- Exercise objective
Nothing outside the range below should be printed. Output exactly the lines from the line with "Wine Bag Single" to the line with "Olea | Vestido", both included.

- Data provided
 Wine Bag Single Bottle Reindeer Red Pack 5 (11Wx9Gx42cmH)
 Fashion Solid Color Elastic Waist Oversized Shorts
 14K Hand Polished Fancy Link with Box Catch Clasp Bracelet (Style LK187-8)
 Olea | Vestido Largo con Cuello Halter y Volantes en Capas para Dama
...
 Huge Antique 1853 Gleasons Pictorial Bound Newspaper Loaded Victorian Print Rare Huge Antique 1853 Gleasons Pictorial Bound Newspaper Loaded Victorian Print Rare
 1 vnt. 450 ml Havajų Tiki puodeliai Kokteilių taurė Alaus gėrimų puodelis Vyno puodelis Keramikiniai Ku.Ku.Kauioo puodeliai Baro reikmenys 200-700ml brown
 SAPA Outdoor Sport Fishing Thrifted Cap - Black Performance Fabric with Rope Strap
==
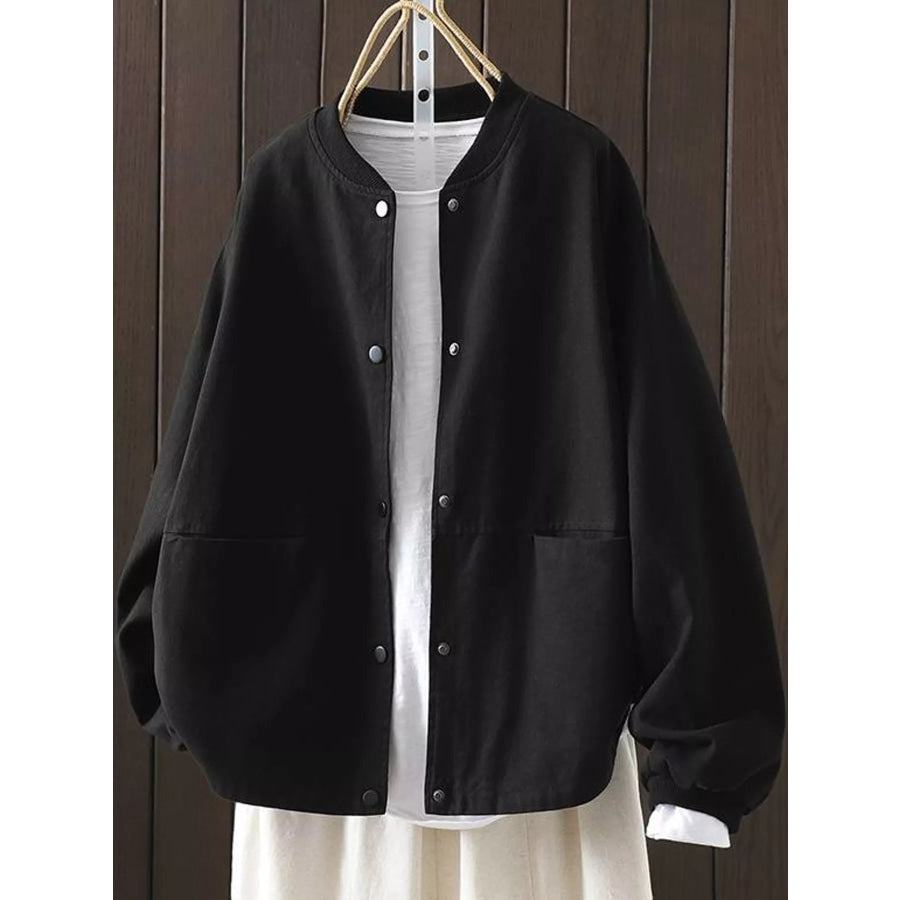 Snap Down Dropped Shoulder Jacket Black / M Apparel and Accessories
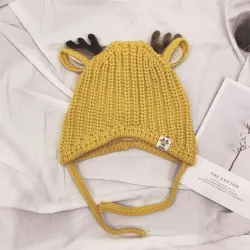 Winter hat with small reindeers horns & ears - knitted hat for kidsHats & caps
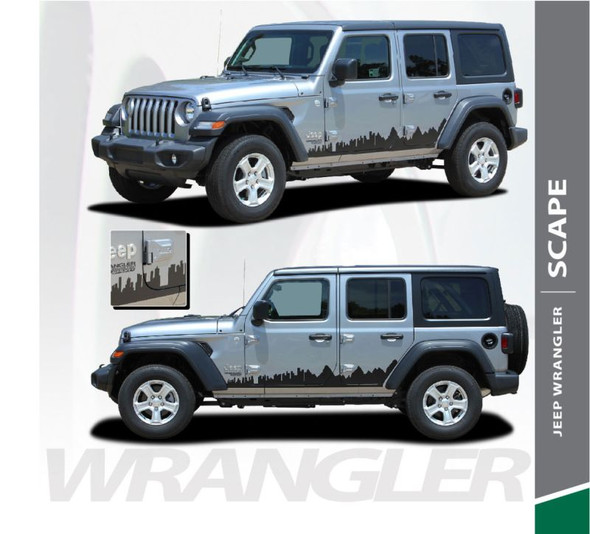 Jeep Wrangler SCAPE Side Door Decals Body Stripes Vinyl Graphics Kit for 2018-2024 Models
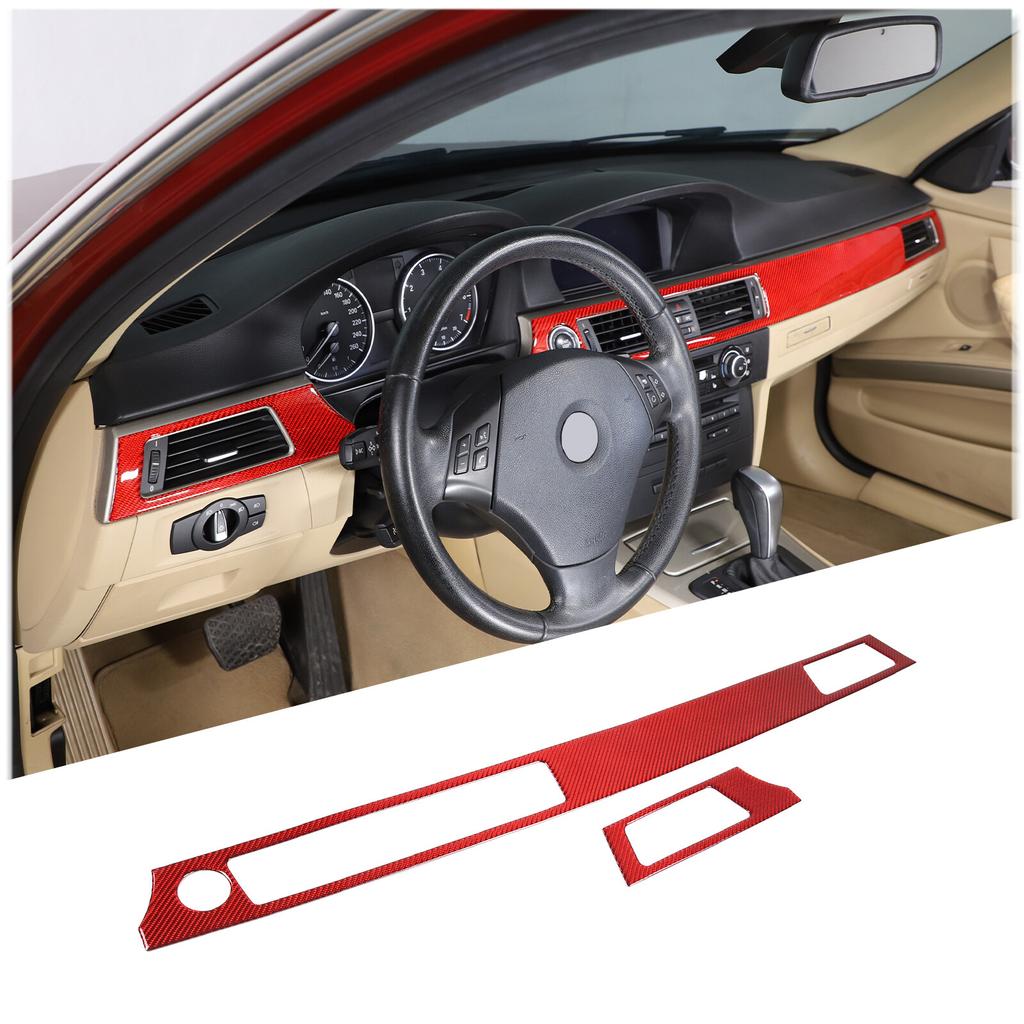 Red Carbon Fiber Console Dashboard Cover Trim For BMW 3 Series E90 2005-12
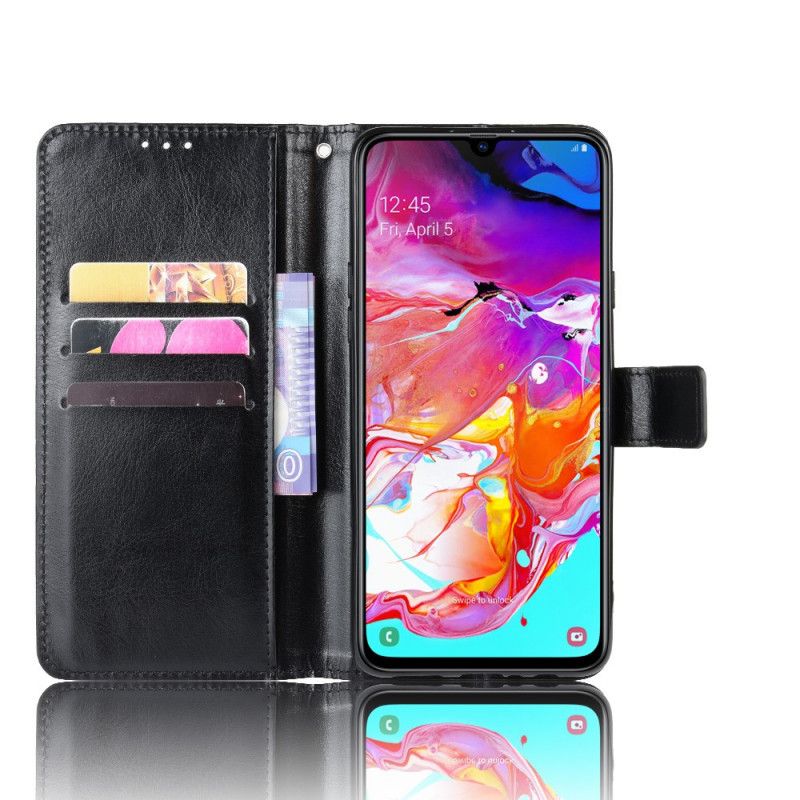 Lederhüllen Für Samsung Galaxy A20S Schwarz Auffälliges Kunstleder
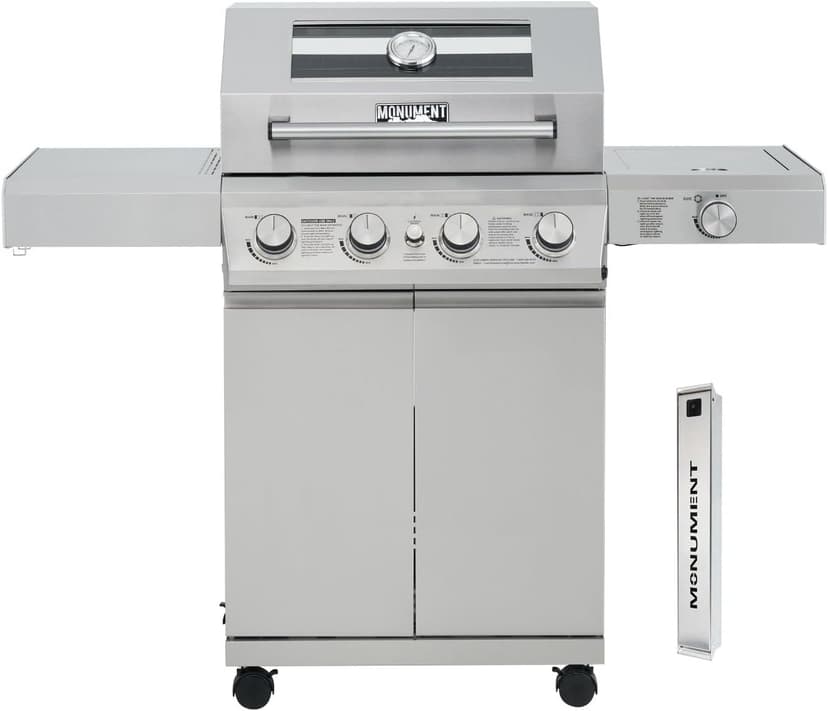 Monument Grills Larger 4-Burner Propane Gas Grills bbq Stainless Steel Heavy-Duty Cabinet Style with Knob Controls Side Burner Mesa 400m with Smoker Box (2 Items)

- Task response
 Wine Bag Single Bottle Reindeer Red Pack 5 (11Wx9Gx42cmH)
 Fashion Solid Color Elastic Waist Oversized Shorts
 14K Hand Polished Fancy Link with Box Catch Clasp Bracelet (Style LK187-8)
 Olea | Vestido Largo con Cuello Halter y Volantes en Capas para Dama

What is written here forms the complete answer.